I was quite pleased to learn last week that by proving 'control' over a website, I could view detailed statistics about how the Google crawler sees it.
The signup process involved putting a blank file with an arbitrary name at the site root; the existence of the file in response to a Google probe confirmed that you, the Google account holder who had just requested the filename, controlled the site
I signed up and happily viewed some data on a site I control. Later, though, while offline, I recalled that many sites will give an OK response to *any* URL path requested of them. These "soft 404s" can cause some confusion for web crawlers, which wind up collecting pages of negligible value. Would a site that gave a "soft 404" OK for any path let anyone claim the right to view stats at Google?
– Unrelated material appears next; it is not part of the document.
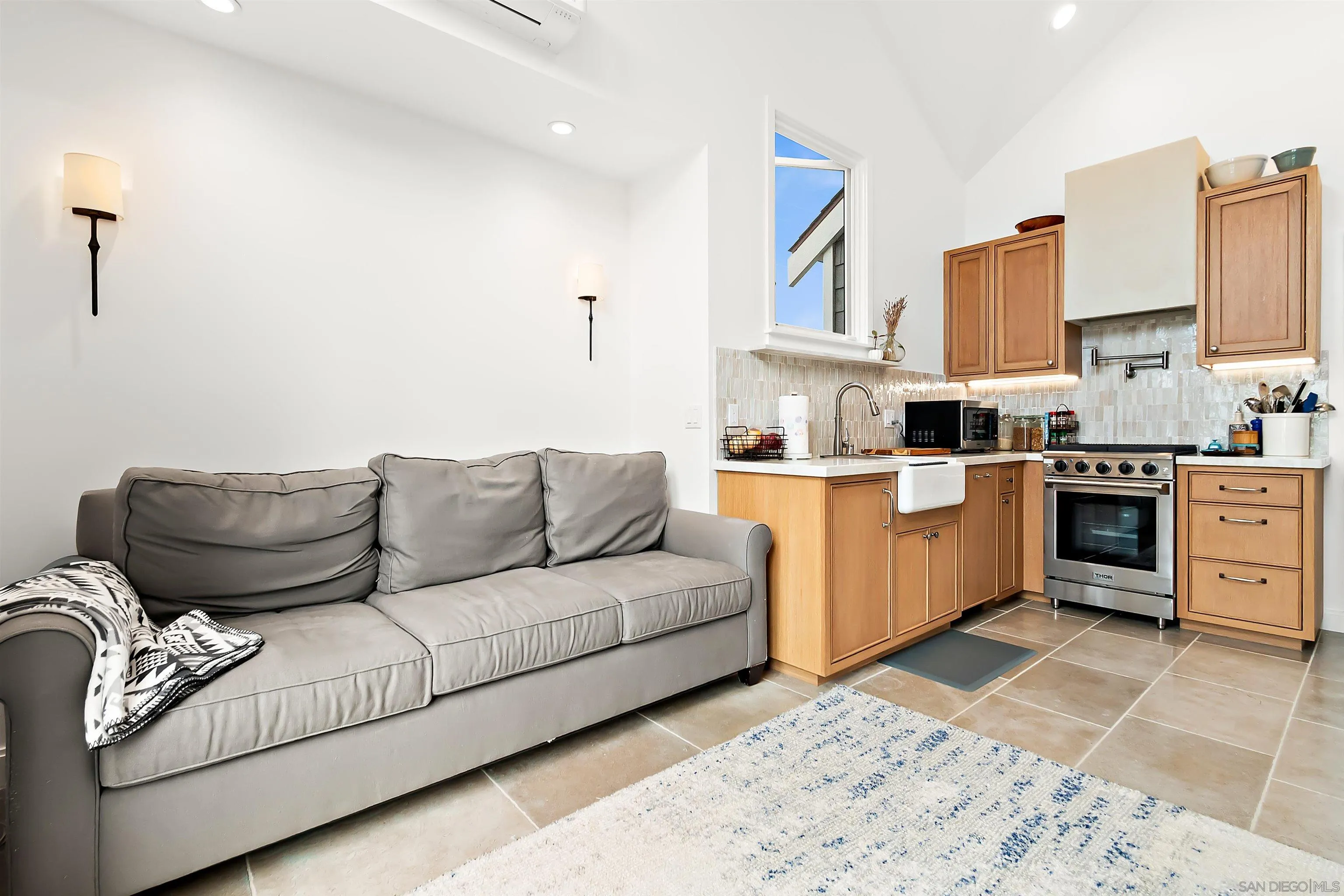 https://cdn.realtyfeed.com/cdn/127/250036566/1ffa83a1582d3d10e0894efd4d288e3e.webp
As this is an old and well-known problem in crawling, I figured Google had accounted for it -- for example, they could probe a site with random paths and determine that it gives false OK indications, and then require a more rigorous test in those cases. But, I didn't check that they actually did this.
Give 'em a few more launches, they'll eventually get this right. And it is important that Google does -- because the theme of most of their recent launches has been linking more web content and behavioral data than ever to precise human identities.
I think there's a master plan at work -- more on this in a future post. But both the 'false claim of ownership' and cross-site-scripting exploits are forms of identity theft, and if Google is cross-referencing all your web trails to a single identity, then that identity is going to be a very attractive target for hijacking.